Congratulations to the Journal for its excellent series commemorating the 50th anniversary of Title IX in New Mexico (read it on ABQJournal.com; click on Sports and scroll down to Title IX). Another important and equally old story is the struggle of Nancy Lopez and her ACLU attorney, Roberta Cooper Ramo, to change the policy of the New Mexico Activities Association (NMAA) and allow Lopez to perform. on the Goddard High School boys’ golf team in Roswell. .
The NMAA had said that if Lopez played on the men’s team, Goddard’s teams would be banned from all state-sponsored activities, including group competitions. Ramo argued that the NMAA’s policy violated the Equal Protection Clause of the 14th Amendment of the U.S. Constitution because it granted less than equal rights to taxpayers with daughters.
Few New Mexicans were on Nancy’s side. “You can let her play, but there’s not a boy in the state who can’t beat her,” said one of the state’s high school coaches.
The NMAA may have been told by its attorney that there may be additional new equal protection in state and federal laws for female school athletes after NM voters approved the Equal Opportunity Amendment. state rights in November 1972. He may also have been aware of the new Title IX mandate that year for gender equity in schools that received federal funding. The NMAA agreed to a new state rule that allowed girls to play on boys’ teams for non-contact sports, including tennis and golf.

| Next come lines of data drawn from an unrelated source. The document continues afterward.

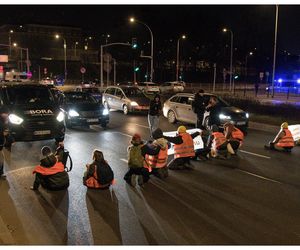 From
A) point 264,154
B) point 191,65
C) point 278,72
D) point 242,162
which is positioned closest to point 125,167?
point 242,162

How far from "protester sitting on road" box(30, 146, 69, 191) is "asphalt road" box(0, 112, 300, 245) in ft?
0.57

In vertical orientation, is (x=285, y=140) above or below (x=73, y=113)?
below

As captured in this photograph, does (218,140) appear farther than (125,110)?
No

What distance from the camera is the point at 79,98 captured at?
→ 19.5 meters

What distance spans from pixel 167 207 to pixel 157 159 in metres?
2.08

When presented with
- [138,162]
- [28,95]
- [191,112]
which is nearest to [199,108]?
[191,112]

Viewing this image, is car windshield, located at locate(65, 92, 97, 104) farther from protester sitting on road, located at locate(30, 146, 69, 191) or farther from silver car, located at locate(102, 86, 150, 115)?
protester sitting on road, located at locate(30, 146, 69, 191)

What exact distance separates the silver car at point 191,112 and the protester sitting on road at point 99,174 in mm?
9169

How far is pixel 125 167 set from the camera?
1069cm

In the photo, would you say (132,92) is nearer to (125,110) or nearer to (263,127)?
(125,110)

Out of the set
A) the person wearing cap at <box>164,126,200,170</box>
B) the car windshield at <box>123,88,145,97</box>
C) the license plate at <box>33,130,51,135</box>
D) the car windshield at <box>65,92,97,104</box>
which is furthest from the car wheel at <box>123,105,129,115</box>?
the person wearing cap at <box>164,126,200,170</box>

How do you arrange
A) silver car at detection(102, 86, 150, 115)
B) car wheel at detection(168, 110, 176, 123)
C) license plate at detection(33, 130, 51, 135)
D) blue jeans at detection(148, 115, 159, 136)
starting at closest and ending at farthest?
Answer: license plate at detection(33, 130, 51, 135) → blue jeans at detection(148, 115, 159, 136) → car wheel at detection(168, 110, 176, 123) → silver car at detection(102, 86, 150, 115)

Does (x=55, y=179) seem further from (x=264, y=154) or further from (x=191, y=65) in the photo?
(x=191, y=65)

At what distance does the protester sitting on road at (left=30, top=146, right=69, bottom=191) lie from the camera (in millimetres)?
8430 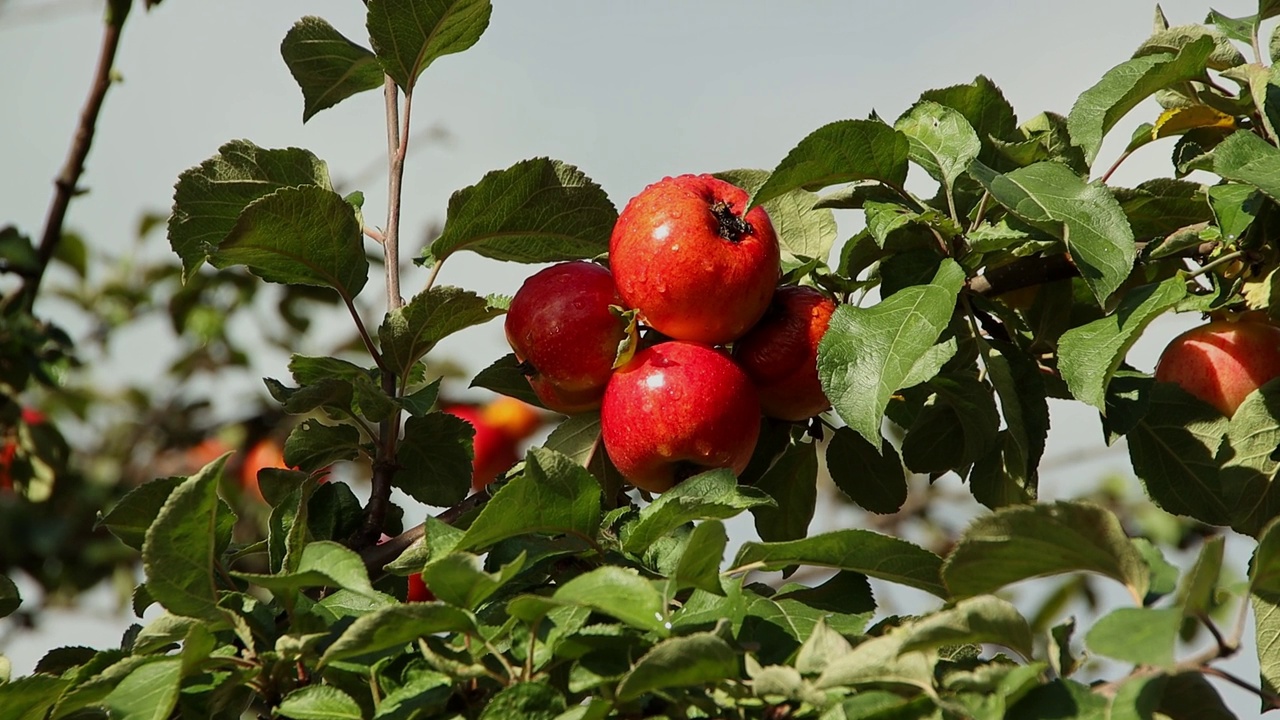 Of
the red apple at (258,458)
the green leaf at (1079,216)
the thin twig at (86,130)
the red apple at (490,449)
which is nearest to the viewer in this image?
the green leaf at (1079,216)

Lopez graduated from Goddard in 1975 with a full scholarship to the University of Tulsa. She won 11 of 19 tournaments during her freshman and sophomore years, then joined the Ladies Professional Golf Association (LPGA) in 1977. The July 1978 Sports Illustrated cover story was titled “The Name of the game, Nancy Lopez”. I remember watching an LPGA game on TV and hearing the sportscaster say that his cameraman was in love with Nancy Lopez, and a co-worker said, “Everybody’s in love with Nancy Lopez.”
Few people in the state had publicly supported Lopez’s struggle in 1972, but just two years later, when high school student Sally Gutierrez wanted to play on her town’s varsity football team in Quemado, it was a another story. It made national news, and one newspaper described Quemado as “a short punt from the Arizona border.” The NMAA changed its policy to allow girls to play contact sports, and Sally Gutierrez was nominated to attend the US Air Force Academy after graduating from high school.
Changes in federal and state law for 50 years now in the early 1970s created opportunities for Nancy Lopez and Sally Gutierrez to prove that there were young female athletes who could compete against young males. Perhaps more importantly, they gave us the opportunity to see what these talented and tenacious young athletes could actually do – if we just let them play.
Tasia Young served as director of the New Mexico Commission on the Status of Women from 1975 to 1985. She wrote a book on gender equity in New Mexico during those years.